─── PROVIDED DATA
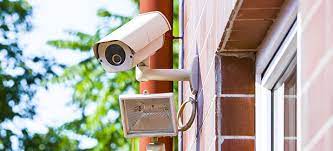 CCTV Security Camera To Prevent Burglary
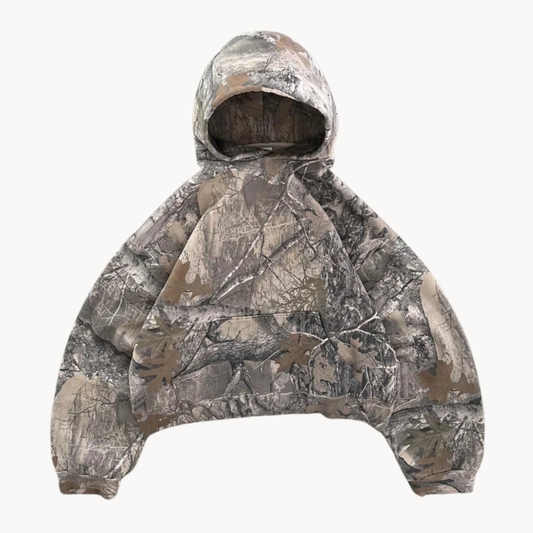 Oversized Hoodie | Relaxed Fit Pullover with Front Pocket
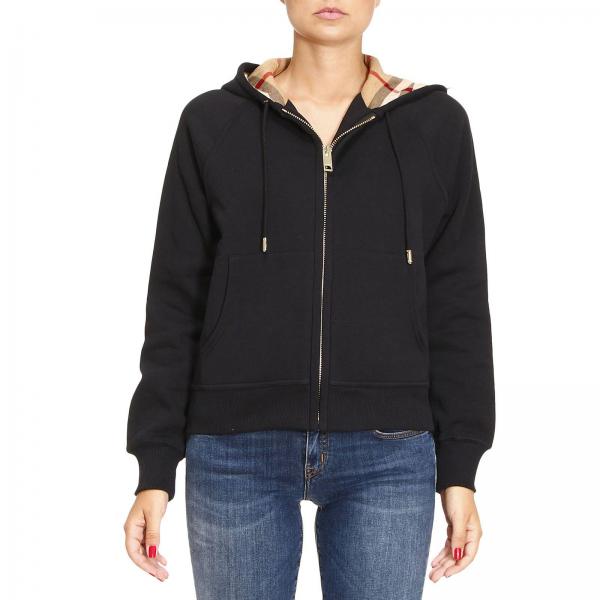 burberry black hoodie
──────
─── PROVIDED DATA
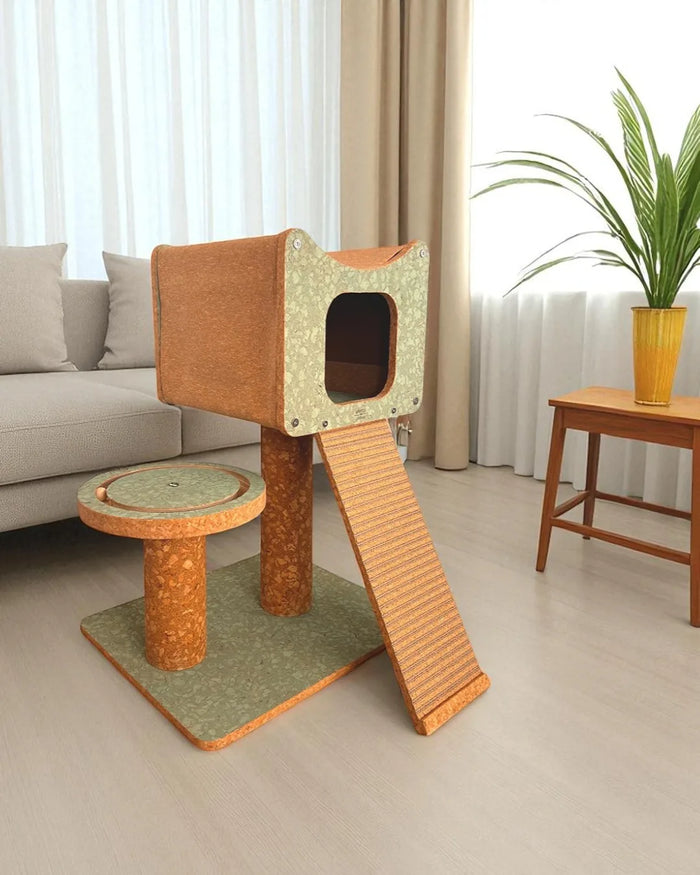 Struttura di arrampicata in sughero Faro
──────
**PROBLEM TO SOLVE:** Above are some records; extract exactly the lines from the one containing "CCTV Security Camera To Prevent Burglary" through the one containing "burberry black hoodie" and drop the pictures.

**ANSWER SPACE:**
 CCTV Security Camera To Prevent Burglary
 Oversized Hoodie | Relaxed Fit Pullover with Front Pocket
 burberry black hoodie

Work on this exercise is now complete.